FFF - July 1995

From the Firearms Freedom Foundation

THE NATURE OF OUR STRUGGLE

(continued from June 1995)

PART TWO - THE DOCTRINE OF PRIVILEGE

The idea that privilege is or should be the pre-eminent force in our society is an assumed dogma, and one that is frequently encountered in this country. Canadians are constantly hearing from many sources that "gun ownership in Canada is a privilege, not a right".

There could be no clearer expression of the Doctrine of Privilege.

However pleasing this mantra may be to those who believe in it and who may wish to hear it, repeating it over and over does nothing to convince those who do not share it.

Slim Pickings

From philosophy comes ideology; from ideology, doctrine; doctrine, plans; and plans to action.

All we have seen are the plans, as revealed in C-68. Where did they originate? What is the audit trail? What steps has the government taken to describe the philosophy, ideology and doctrine behind this great undertaking to recast our society?

To compensate for the apparent vacuum, the following is offered as a reconstruction from the details contained in C-68 of the fundamentals that underlay it. The approach is not entirely adequate. It seems clear that a doctrine initially should be developed and explained by those who subscribe to it, not the opposition. Canadians deserve the government version. If it has been denied, it is because of the negligence of those in government whose job it was to provide it. On the other hand, it is becoming increasingly difficult to trust the present government in whatever capacity. The following provides, at least, the advantage of an independent and critical assessment.

The Government's Hidden Claim to Rights

As can best be determined from the entrails of C-68, the Doctrine of Privilege as it is being implemented in Canada may be defined as: 1. the exclusive right of government to hold to itself all rights of ownership, possession, and use of all firearms and any other thing or things that may be proscribed by government. 2. the right of government under pain of law to extinguish and to deny any and all such rights to citizens. 3. the right of government to permit citizens to use and to have in their possession firearms and other designated things, but only as delegated privileges to be granted or revoked at the pleasure of government.

Just how substantial is this Doctrine? How well does it stand on its own, and how does it fare in comparison to the Doctrine of Rights?

Privileged systems depend for their existence on the ability of the privileged groups to hold as many rights as possible to themselves, to limit or to extinguish the rights of other groups, to dispense privilege to the other groups in lieu of rights, and to withhold or revoke privileges as a means to control the society.

In this respect, the system of privilege under C-68 lays the foundation for the most extreme form of privileged society, in that the Canadian government claims to hold to itself the exclusive and absolute right of arms. At the same time, the government's right to extinguish and the government's right to dispense apply to all other groups in Canada (ie. all citizens). In this, the federal government has become the one and only group in Canada that is truly privileged by right, with all other groups privileged by dispensation only, if at all.

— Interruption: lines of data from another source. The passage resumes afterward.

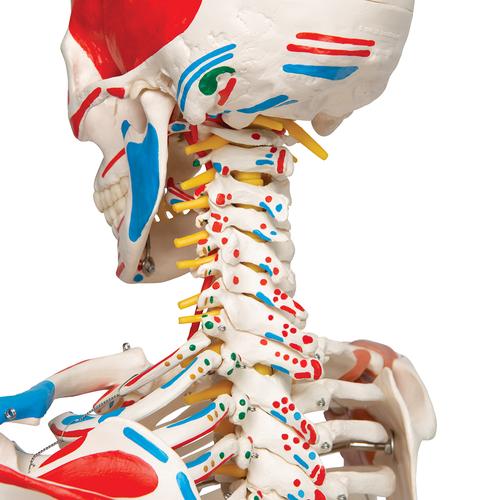 Scheletro Sam A13 - Versione di lusso, su cavalletto in metallo con 5 rotelle - 3B Smart Anatomy, 1020176 [A13], PON Biologia - Laboratorio di Anatomia umana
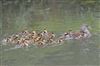 Mandarin Duck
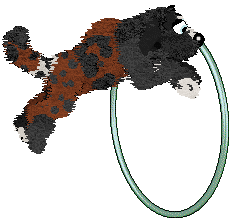 Poppyhill's Seventh Avenue — “Claiborne”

Equally extreme is that the government's right to extinguish and its right to dispense are defined in such detailed and comprehensive articles in the law, that they too must be considered as absolute rights on par and equal to the first right, the absolute right of arms.

The following examines these three rights as they are implicitly claimed by the federal government in C-68. The four criteria previously applied to the citizen's right to arms are used. The objective is to assess the legitimacy of the government's claim, and to make such a case as might be argued on behalf of the Doctrine of Privilege against the Doctrine of Rights.

FIRST CRITERION - EXERCISE OF THE GOVERNMENT'S RIGHTS

The Extreme Case: A Gun-Free Environment

A claim could be made that the Doctrine of Privilege hinges on the historical right of Canadians to be free from the presence of arms everywhere, in their homes, on the streets and in public places. This agreeable state of affairs concerning the apparent freedom from the presence of guns almost certainly exists and has existed in modern historical times almost everywhere in Canada, especially in the urban areas - but only for those not looking for arms or who do not have them.

The reality in Canada is that guns have always exerted a subtle but pervasive presence in this country, a fact well known to those who have them and to those who know what to look for and where to look, but almost never is this apparent to those who don't. In this respect, the custom and familiarity of a gun-free Canada is a common perception, and a happy one which it would be best to leave undisturbed if indeed it gives comfort to so many.

As a right, however, a gun-free environment has little or no basis in fact or reality in this country, but only in the illusion that flows from an agreeable and charming naivete, in which can be found no fault.

In addition, one must consider that if the right of government to establish a gun-free environment were to be articulated in law, the usual number of criminals and all of the police would surely carry arms in public places the same as before, and contrary to the right. In this respect the right would change nothing between the former circumstances and the new. Nor would the incidence of crime be reduced, but rather encouraged by the assurance of a disarmed citizenry in all places.

Also, it is a fact and feature of Canadian life that the guns of all the millions of legitimate owners are almost never seen by those who would object to them, unless they go out of their way to look. Here again, there would be almost no change in the common perception of Canadians between the former circumstance and the new, if the government acquired the right to enforce a gun-free environment. The guns of law-abiding citizens are not now seen during the course of the everyday lives of Canadians who do not actively set out to find and observe those guns, nor would they be seen then.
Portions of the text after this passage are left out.